• [AVAILABLE DATA]
═══
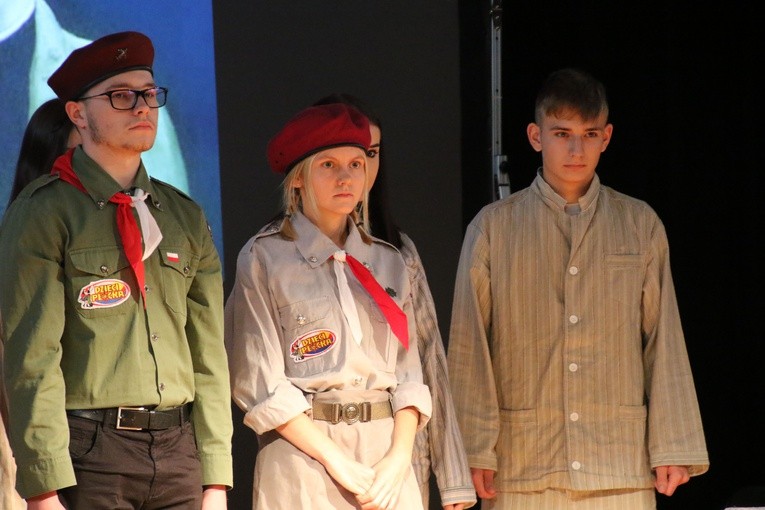 Płock. Przegląd etiud teatralnych o świętych i błogosławionych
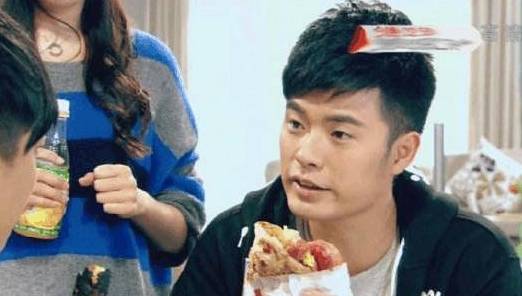 爱情公寓4苹果版
:爱情公寓主角的标志性食物，吕子乔的面膜真能吃？最后一个吃不完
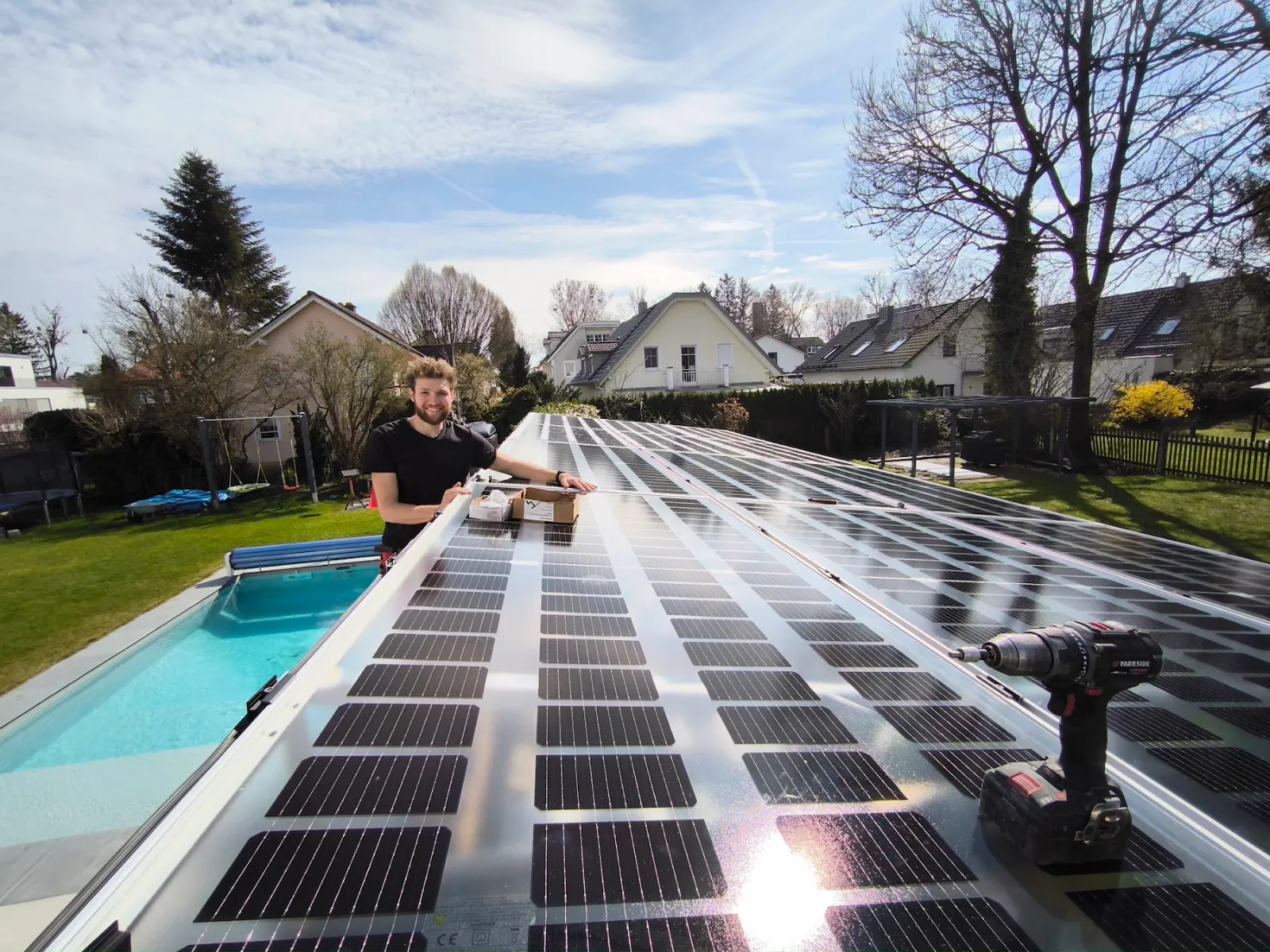 PV-Anlage auf einem Flachdach im Raum München – Montage durch Renewable Bloom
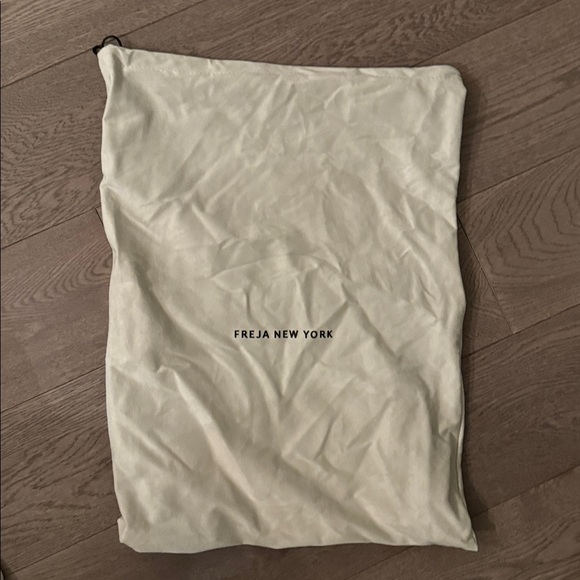 Freja Mini Chrystie Bag in Oat - Picture 11 of 16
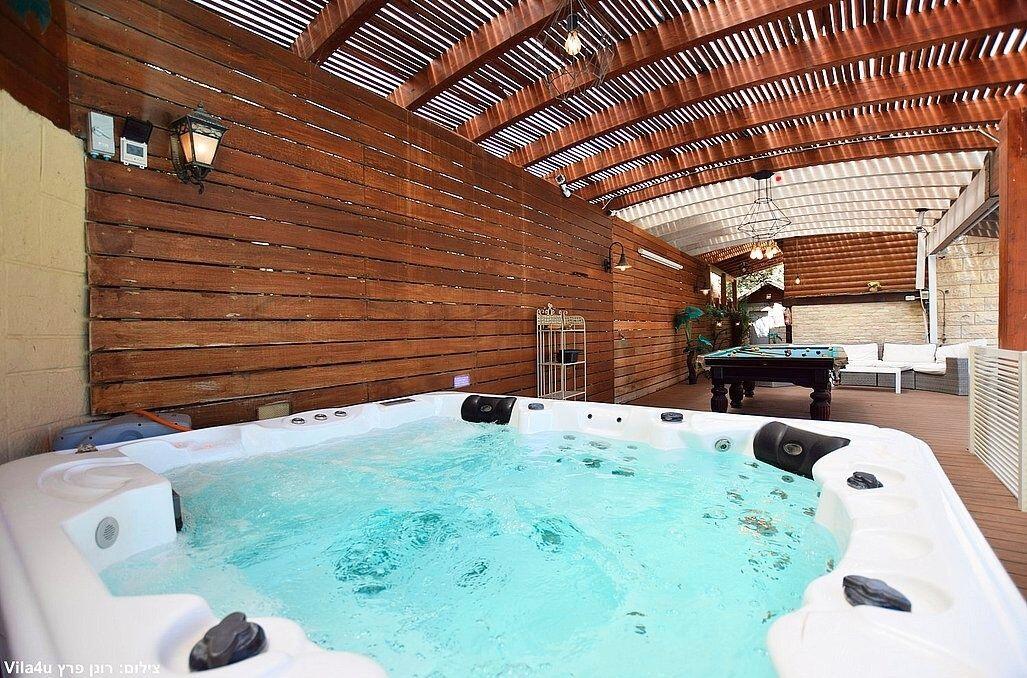 אחוזת הנרקיס 42 צפון  27  נופש - וי פור ויקיישן - V for Vacation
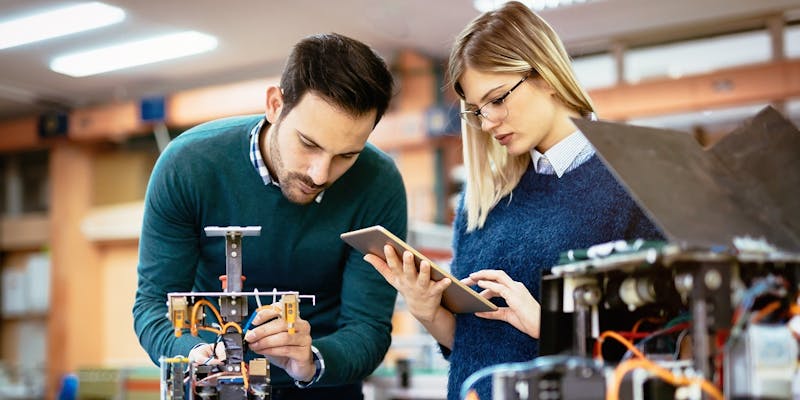 Salaires ingénieurs 2021 : les chiffres qui font regretter de ne pas être ingénieur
═══
• [EXERCISE OBJECTIVE] Retype the records above exactly, leaving every picture out of your copy.

• [ANSWER SPACE]
 Płock. Przegląd etiud teatralnych o świętych i błogosławionych
 爱情公寓4苹果版
:爱情公寓主角的标志性食物，吕子乔的面膜真能吃？最后一个吃不完
 PV-Anlage auf einem Flachdach im Raum München – Montage durch Renewable Bloom
 Freja Mini Chrystie Bag in Oat - Picture 11 of 16
 אחוזת הנרקיס 42 צפון  27  נופש - וי פור ויקיישן - V for Vacation
 Salaires ingénieurs 2021 : les chiffres qui font regretter de ne pas être ingénieur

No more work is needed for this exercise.